▶ ABOUT THIS EXERCISE: Take from the entries below the stretch from the line with "JAPANESE SATSUMA BOWL" through the line with "Une chambre avec", and return it exactly, leaving the pictures out.

▶ DATA TO PROCESS:

----

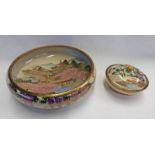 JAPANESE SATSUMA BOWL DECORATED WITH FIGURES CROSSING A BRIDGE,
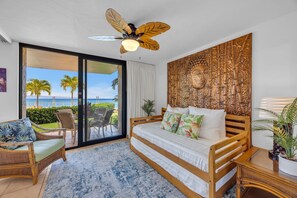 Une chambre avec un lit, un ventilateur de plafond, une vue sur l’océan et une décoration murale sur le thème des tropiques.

----

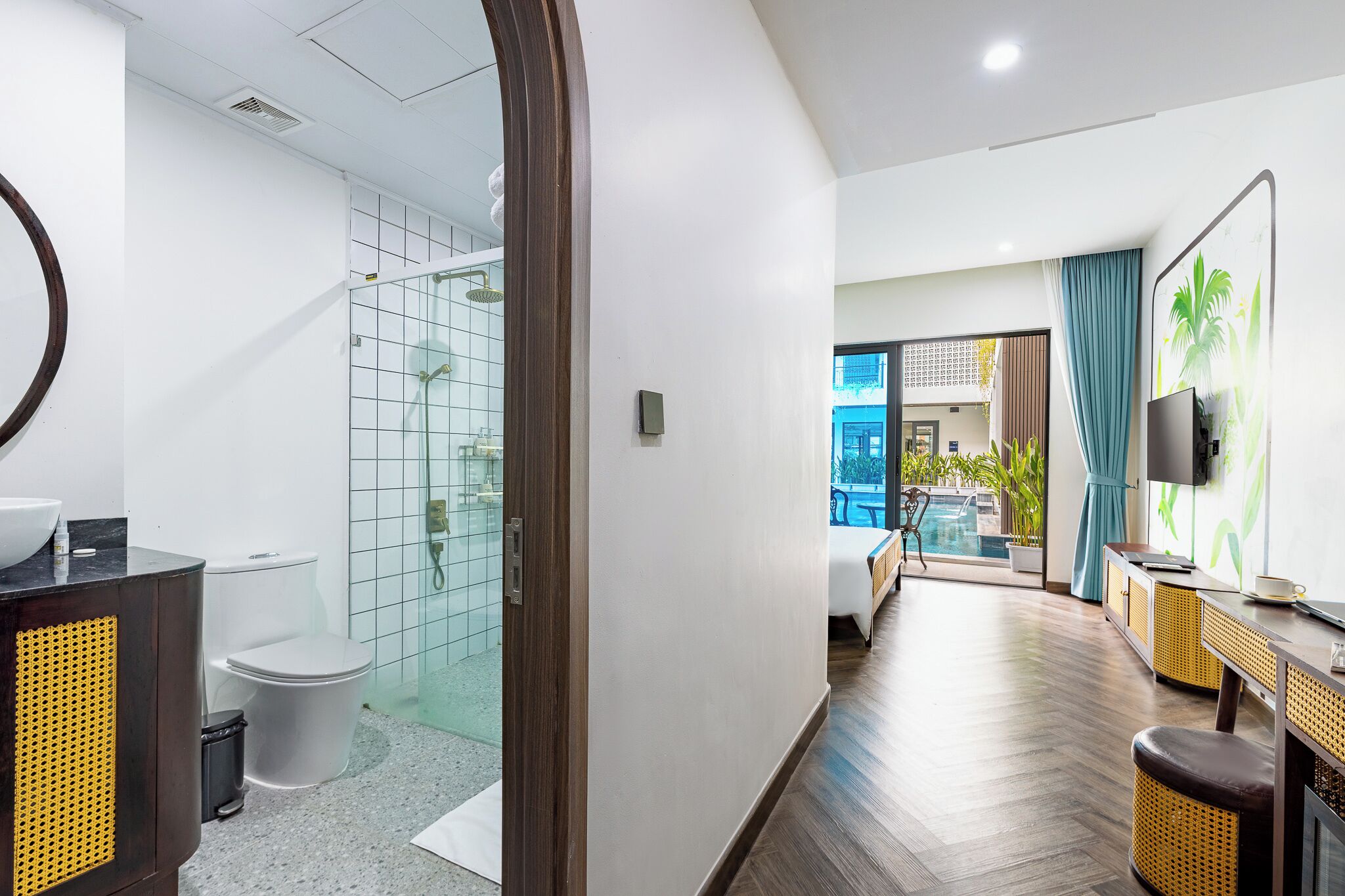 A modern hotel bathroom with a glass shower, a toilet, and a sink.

----

▶ ANSWER AREA:
 JAPANESE SATSUMA BOWL DECORATED WITH FIGURES CROSSING A BRIDGE,
 Une chambre avec un lit, un ventilateur de plafond, une vue sur l’océan et une décoration murale sur le thème des tropiques.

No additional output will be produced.